Where WAS the bus station?
The place where the Bel Air Grill is now “felt” right. I heard some women on the outside patio talking and laughing, so I walked up and said, “I KNOW that none of you are old enough to answer this question, but do you happen to know if this was once a bus station?”
One of them thought it might have been, but they all thought the building south of it looked more like a bus station because it was bigger and had a garage on the back.
I took a few photos and drove off. I hadn’t gone two blocks when my cellphone rang with an unfamiliar number from the Cape Area Code. It was one of the women calling to say that their waitress had asked her boss, who confirmed that the Bel Air WAS the place.
Helpful women at the Bel Air Grill
I circled back to take a photo of my new friends, first giving them my standard bar warning, “If there are any folks here who shouldn’t be here or who are here with something they shouldn’t be, now’s the time to let me know.”

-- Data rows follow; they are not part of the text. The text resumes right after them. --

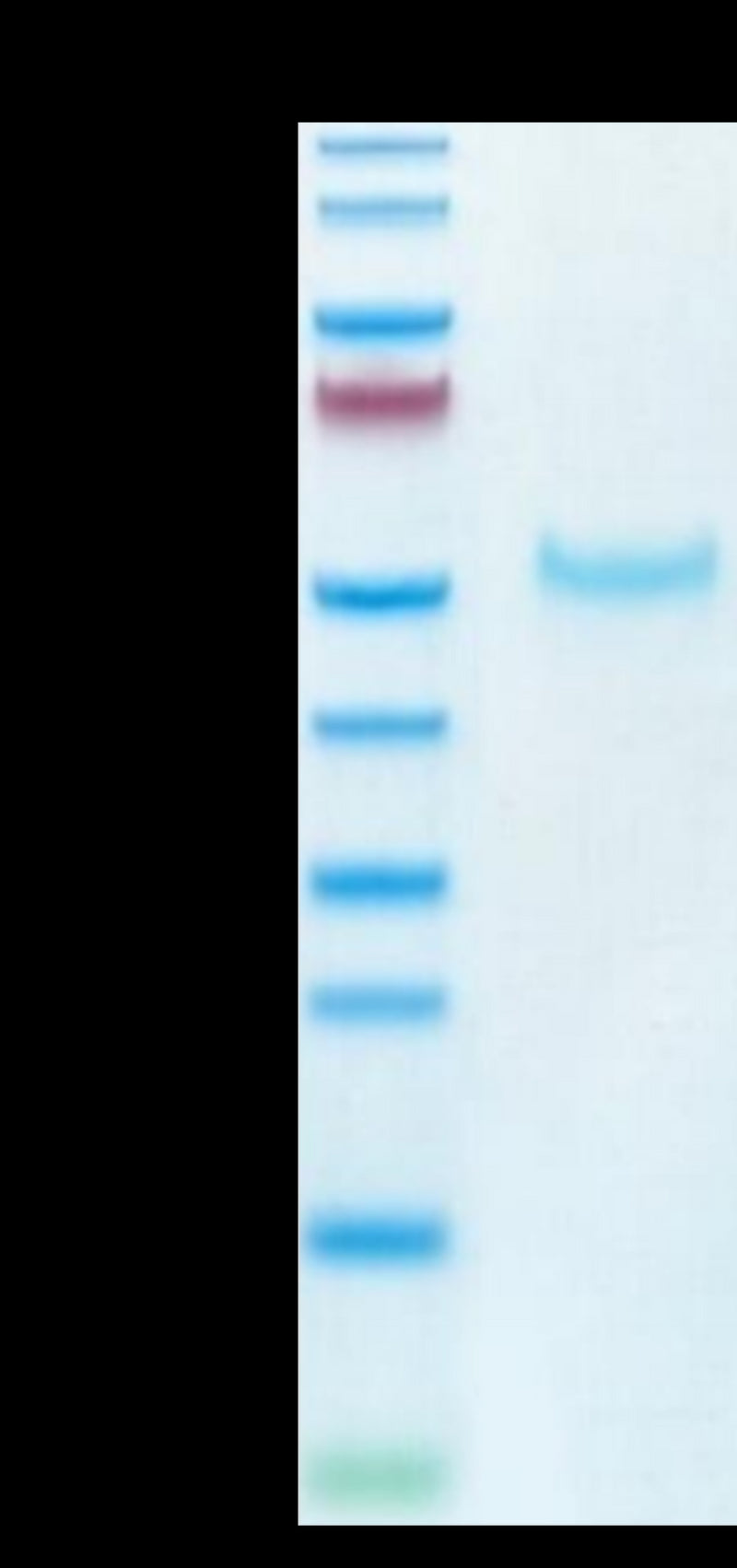 Cynomolgus PVRIG on Tris-Bis PAGE under reduced condition. The purity is greater than 95%.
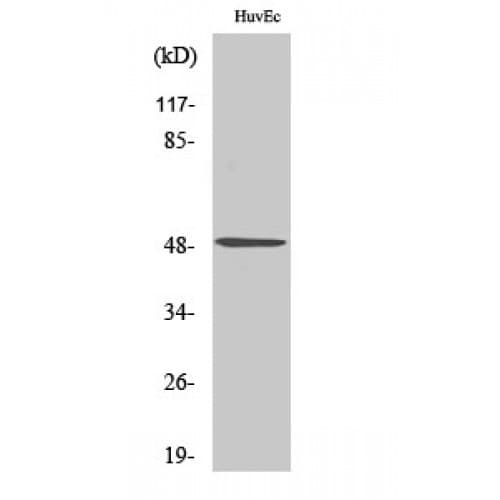 Polyclonal Rabbit anti-Human IP6K2 Antibody (130-210 aa, Internal, IHC, IF, WB)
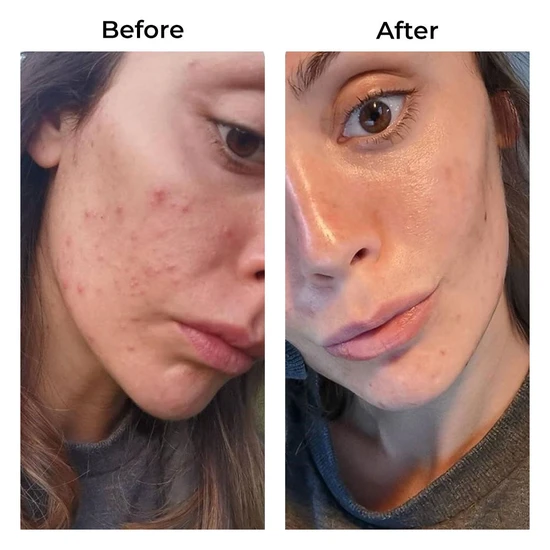 Skinade Targeted Solutions Clear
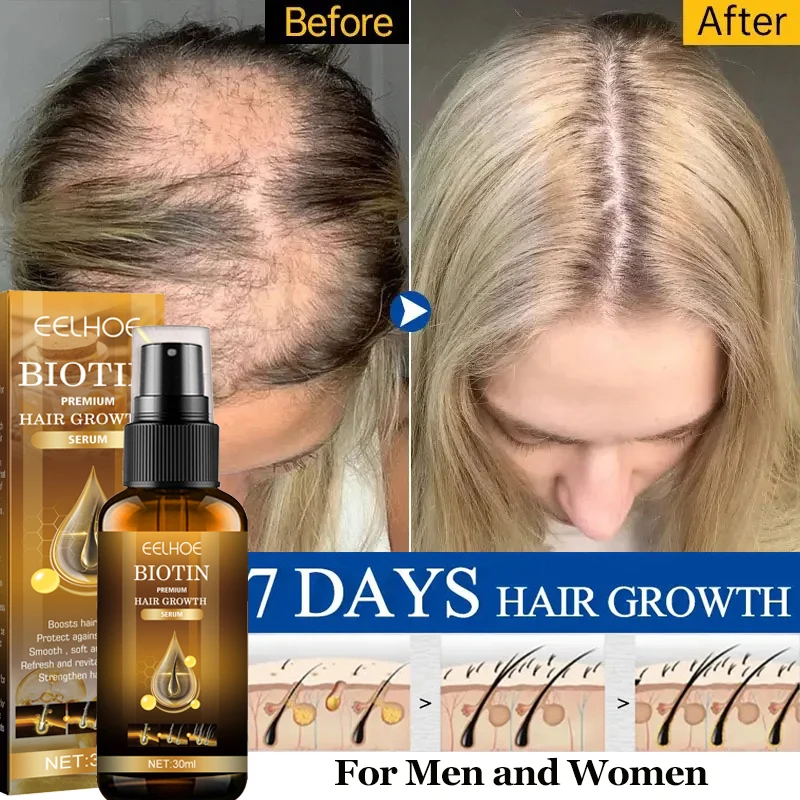 Biotin Fast Hair Growth Products Anti Hair Loss Serum Spray Prevent Baldness Treatment Scalp Beard Beauty Hair Care Product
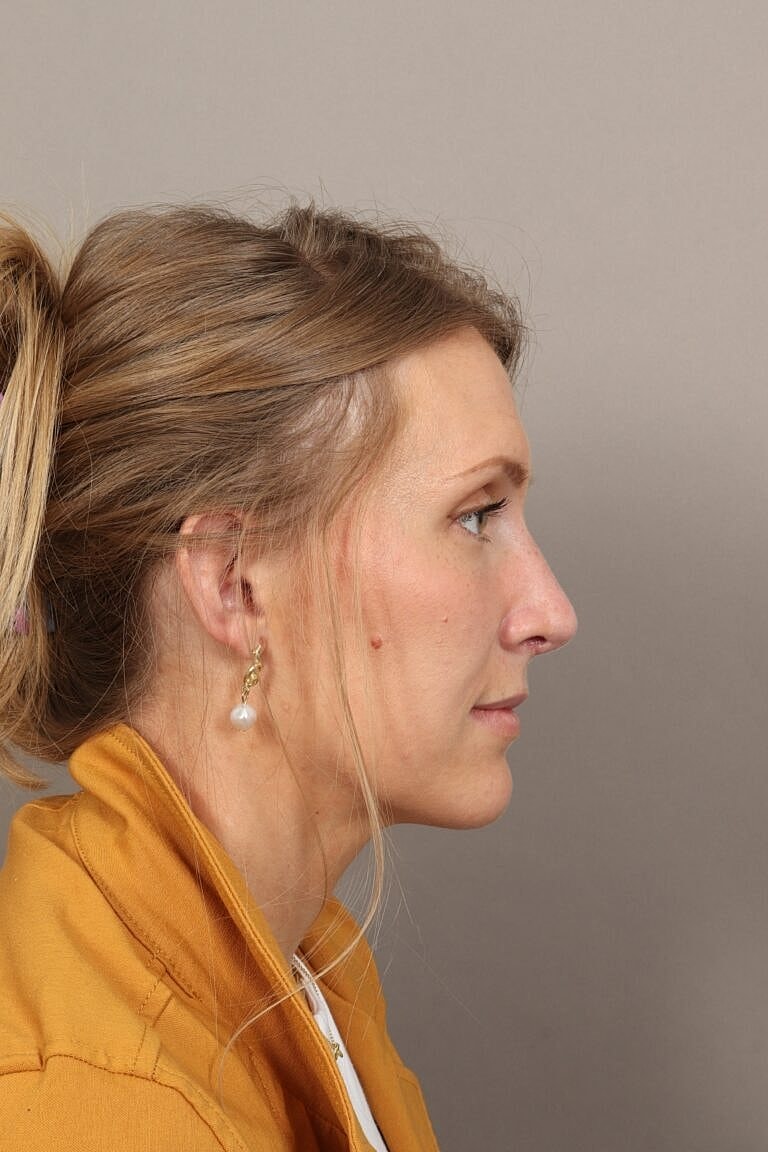 Nose Job Rhinoplasty Before & After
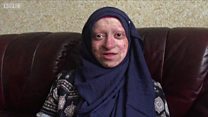 Assya Shabir, lahir dengan kondisi kulit melepuh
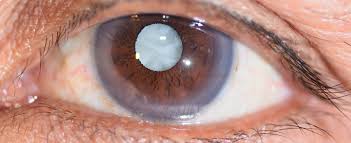 Assessment of the Cataract Patients’ Knowledge about Indicators of Intraocular Lenses Dislocation and Malposition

I went home and started to write up the story. The more I looked at the old and new photos, the more things didn’t add up. There weren’t enough doors on the Bel Air, even if it HAD been remodeled over the years. And, there’s no overhang to keep passengers dry while boarding the buses.
This isn’t the Bel Air
When I looked in the 1968 City Directory under Bus Stations, it gave an address of 16 North Frederick and Continental Southern Lines, Great Southern Coaches and St. Louis-Cape Bus Line were all listed as being there.
That’s how you ended up reading about the Fire Department lily pond instead of the bus station. I needed to do more homework.
16 N. Frederick was the bus station
The bus station turned out to be at 16 North Frederick. That’s Fire Department No. 1 on the right. I PARKED next to the darned bus station when I was shooting the lily pond photo yesterday. (You can see the little bridge if you look closely.) This photo also has the new federal courthouse in the background.
Jesse James provided a clue when he posted this comment on the Fire Department story (I think he may have some street names mixed up, though):
We used to play there when we were little, Jim West, Mike Randal and others. We had a lot of fun trying to catch the gold fish and then the Firemen would yell at us and make us leave. We then “grew up” and went to the Bus station next door and played the pinball machines for a number of years. I remember my brother Charles and Jimmy Vogelsang teaching me to ride a bicycle. I was doing well so they said let’s ride down to the Bus station and play the pinball machines.
Well I didn’t know that the bike they had put me on didn’t have any brakes, We went down Fredrick St from Merriwether, there is a hill when you reach Independence St, I flew through the intersections just missing a car and the only way to stop the bike was to hit the large pole that served as the sign for the Bus station. That was a sudden jolt. We sure had fun as kids even if your brother and his friends tried to kill you a couple of times.
If you look between the two front windows, you can see the pole that Jesse crashed into.
Doors, columns and overhang
There was a fence around the side of the building and I got there when the business was closed, so I had to hold my camera over my head to shoot the north side of the building where the buses pulled in. You can see the doors, brick columns and overhang that show up in the old black & white prints.
I bet that big speaker hanging from the ceiling near the back of the photo dates back to when bus announcements were made to passengers.
For you folks who complain that I never show up in my current photos, I’ll point out my shadow on the left.
What WAS on Spanish?
Why do I still think there was a bus station in the block of Spanish where the Bel Air Grill is today? I’m sure one of you has the answer.